## WHAT TO DO
The response must consist of the lines from the one holding "Coach kristin hobo bag" through the final line of the entries, given again exactly and without any pictures.

++++++++++++++++++++

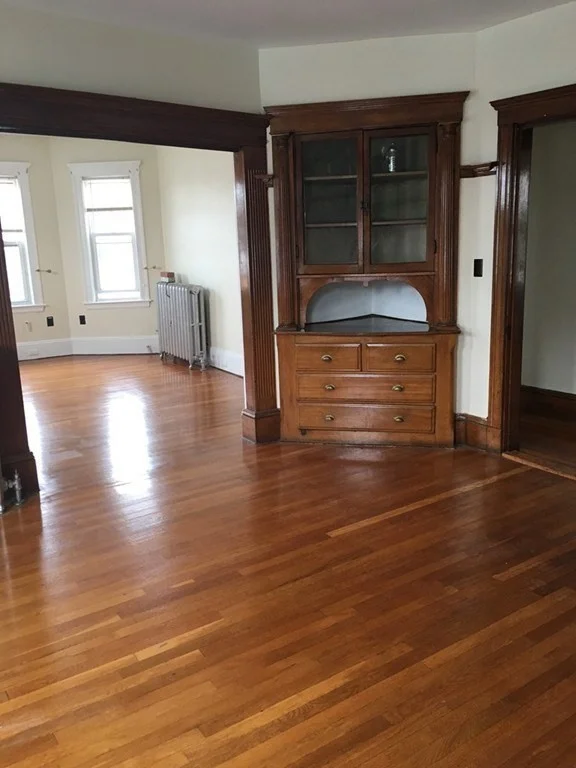 3 bed, 1 bath apartment for rent at 35 Iffley Rd Unit 3, Jamaica Plain — photo 5 of 12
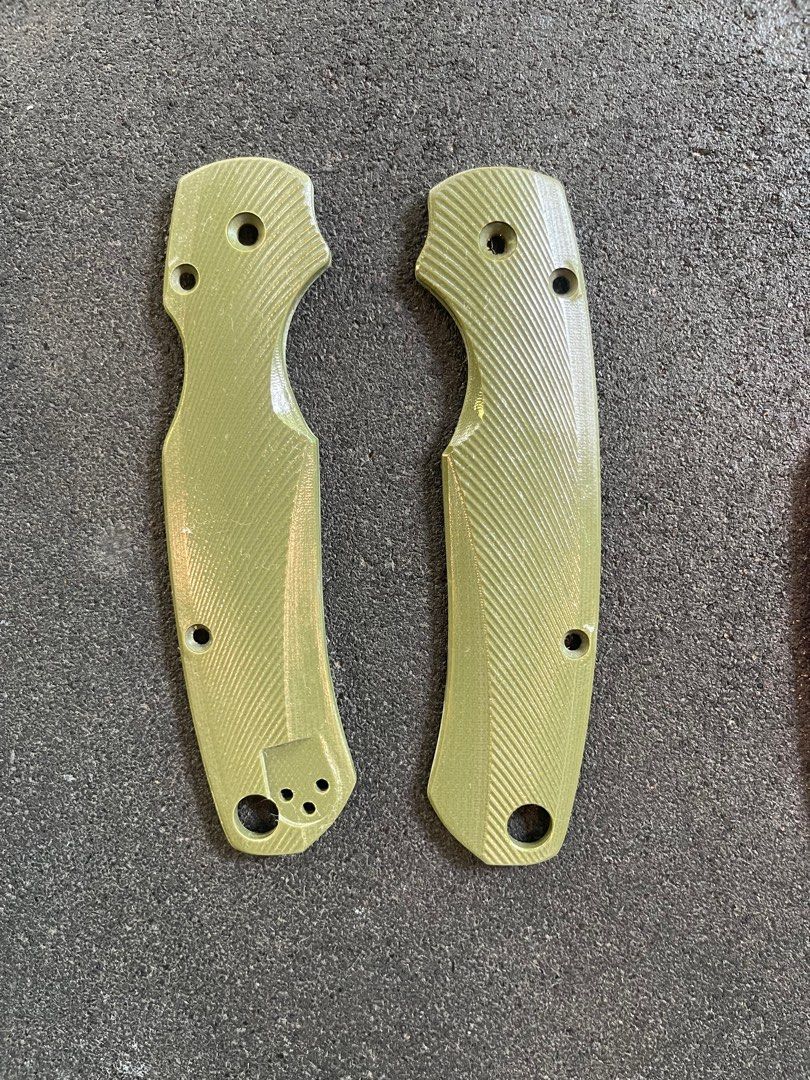 Spyderco Shaman and Paramilitary Scales (Category: Knives & Chopping Boards) located in Makati City. Submitted by chuckap (Listing ID 1266649662, Image 3). Description: PTPA Admin 🙏🏻🔪⚔️ FOR SALE: BRAND NEW: 1.) Cerberus Skinny Shaman Scales in G-10 ( Dragon/Fish scales design) P8,000 (SOLD) 2.) Factory Avocado REC PM2 Scale (Removed only/Never used carried) P7,000 USED/REMOVED/FITTED PM2 Scales 1.) Aramis Akhmedov OD Green G10 Grand Line Skinn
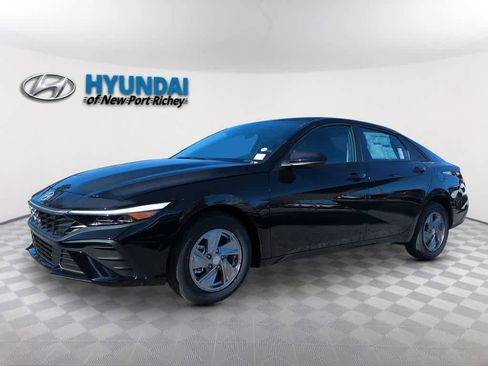 New 2026 Hyundai Elantra SE FWD image 1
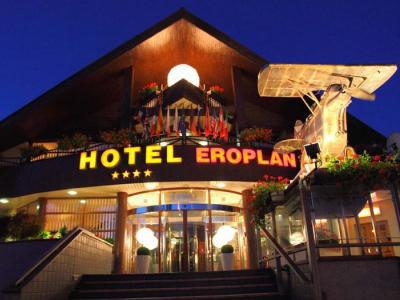 Hotel Eroplan Rožnov pod Radhoštěm Exteriör bild
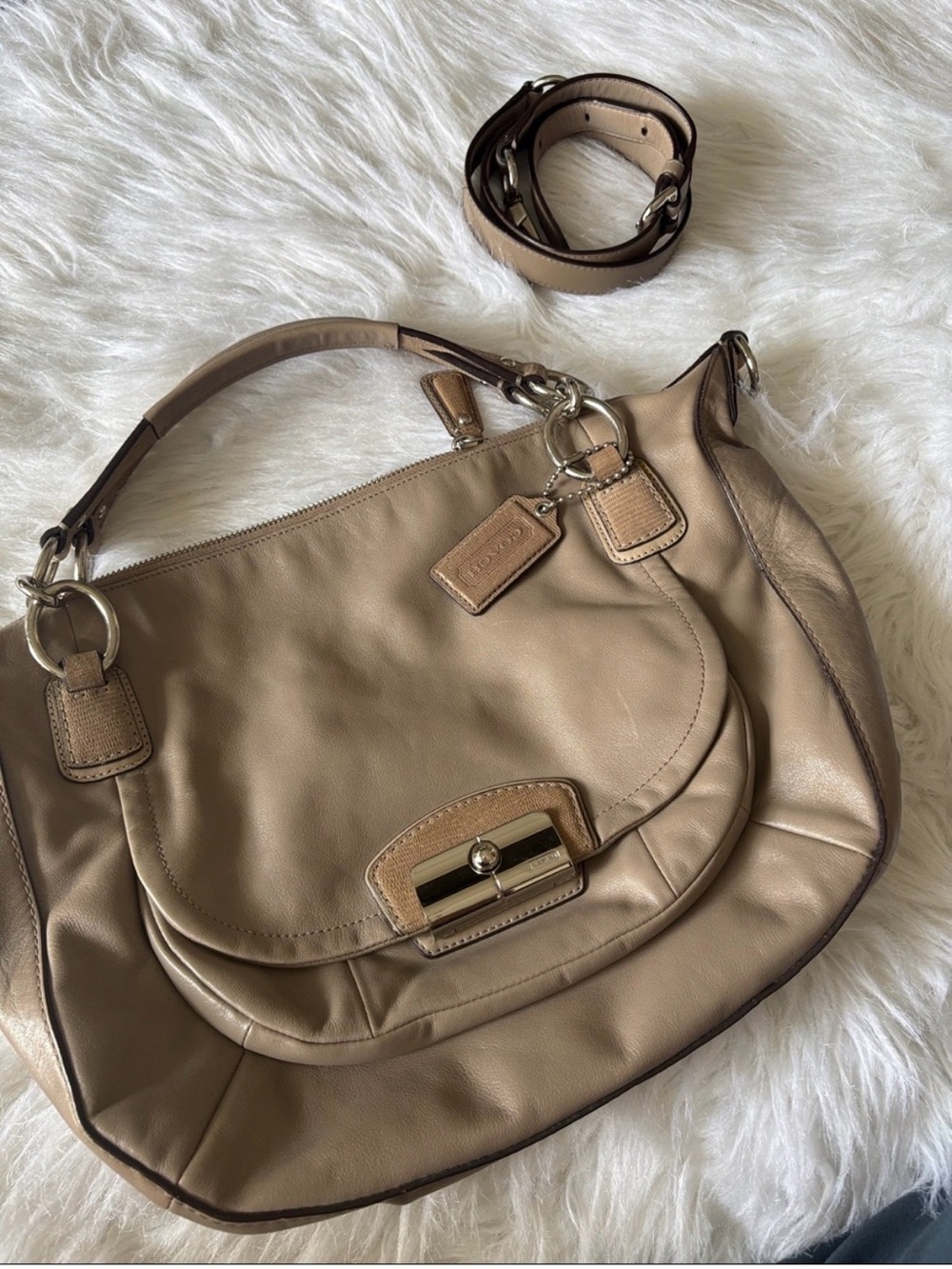 Coach kristin hobo bag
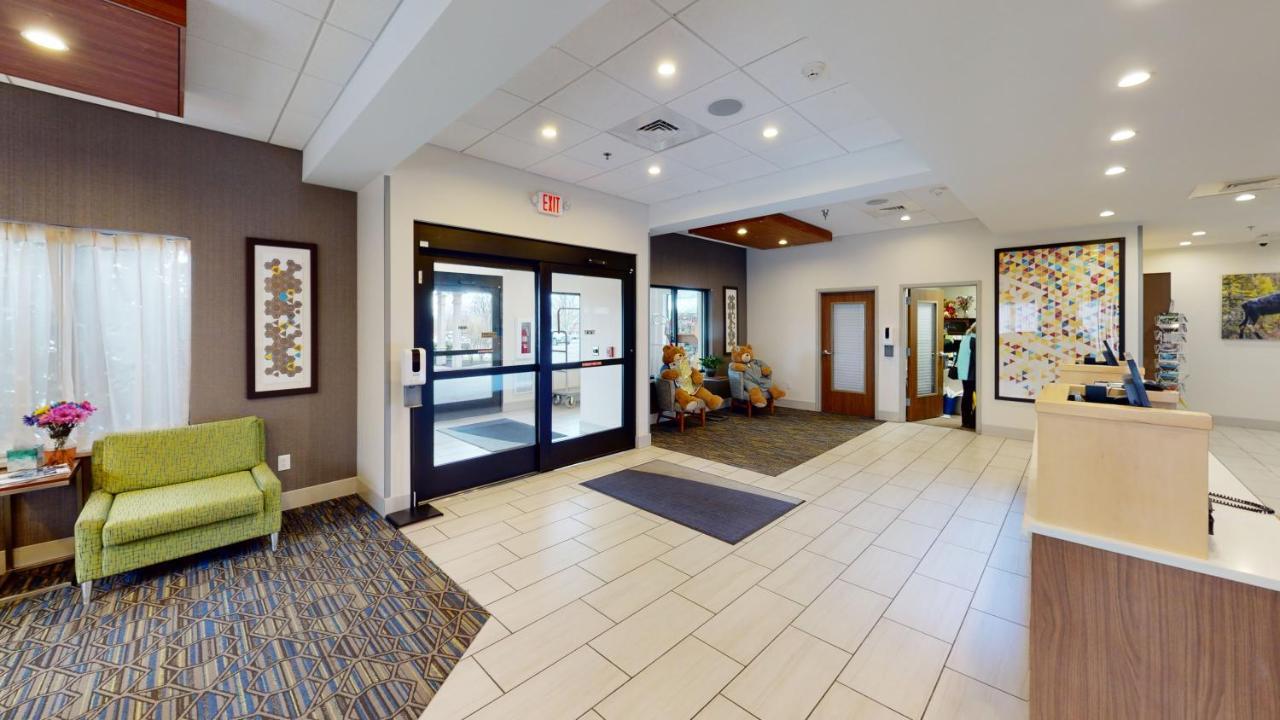 Holiday Inn Express South Burlington By Ihg Buitenkant foto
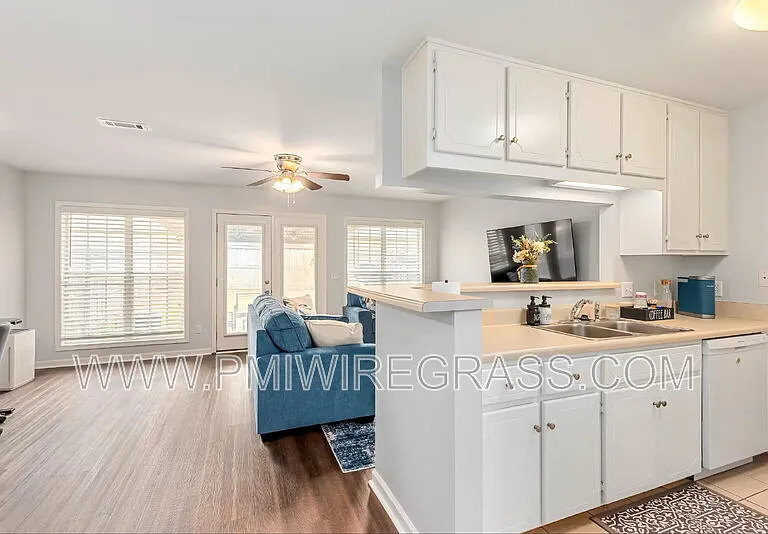 208 Foxchase Ln — Photo 5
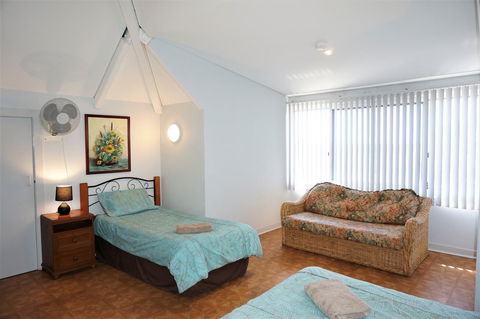 Osprey Holiday Village Unit 108 - Australian Directory 9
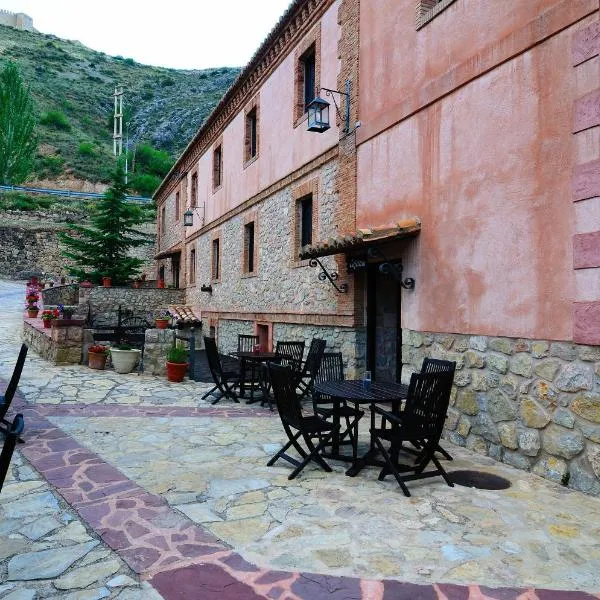 Caserón De La Fuente, hotel v destinaci Albarracín
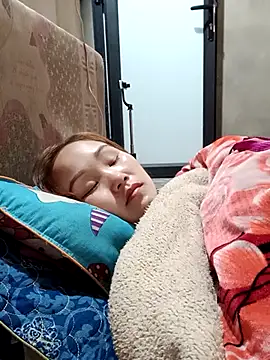 yula-bi's cam snapshot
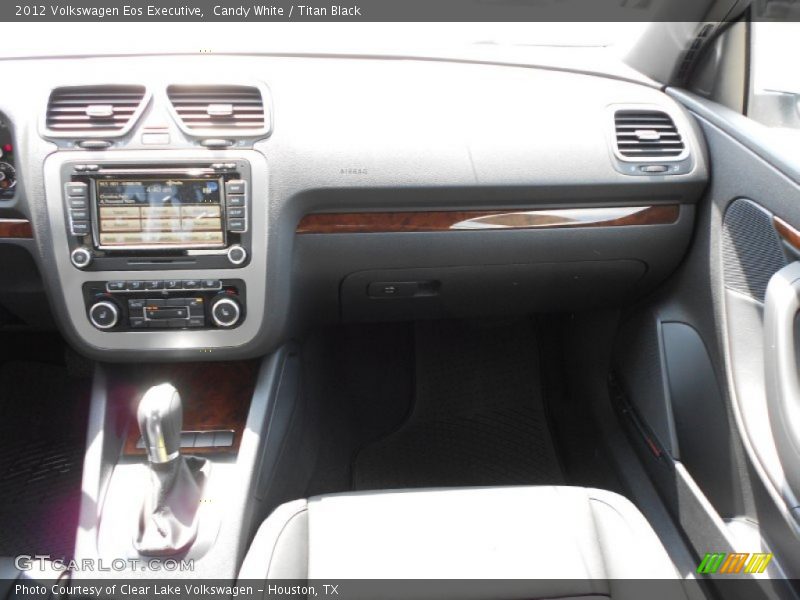 Candy White / Titan Black 2012 Volkswagen Eos Executive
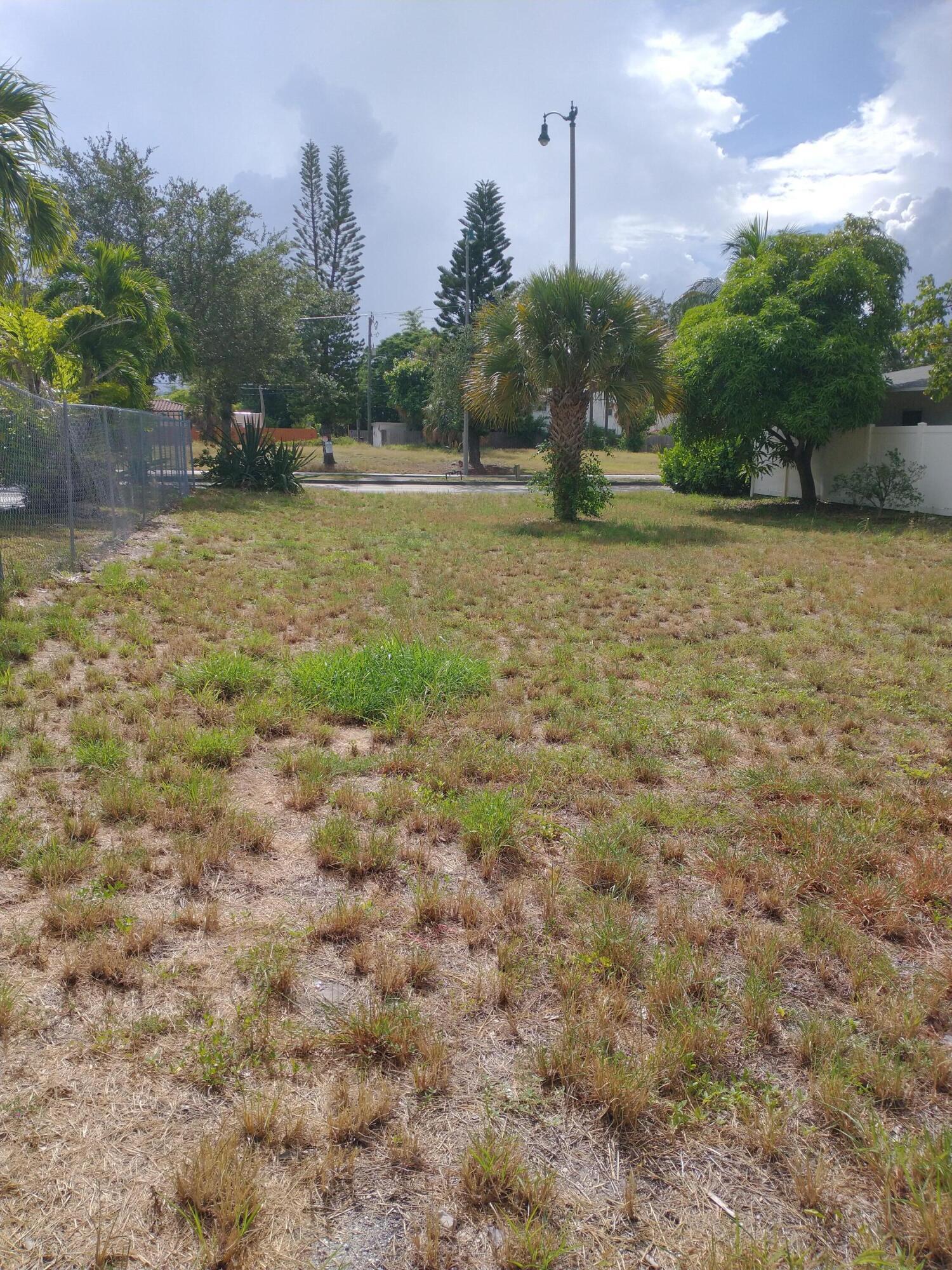 2907 Broadway Avenue, West Palm Beach, FL 33407, West Palm Beach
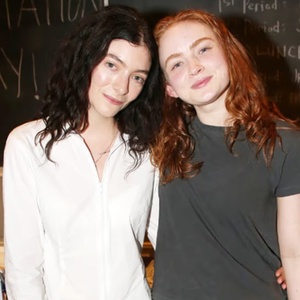 Video: Sadie Sink Joins Lorde For Green Light Concert Performance Photo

++++++++++++++++++++

## EXERCISE ANSWER
 Coach kristin hobo bag
 Holiday Inn Express South Burlington By Ihg Buitenkant foto
 208 Foxchase Ln — Photo 5
 Osprey Holiday Village Unit 108 - Australian Directory 9
 Caserón De La Fuente, hotel v destinaci Albarracín
 yula-bi's cam snapshot
 Candy White / Titan Black 2012 Volkswagen Eos Executive
 2907 Broadway Avenue, West Palm Beach, FL 33407, West Palm Beach
 Video: Sadie Sink Joins Lorde For Green Light Concert Performance Photo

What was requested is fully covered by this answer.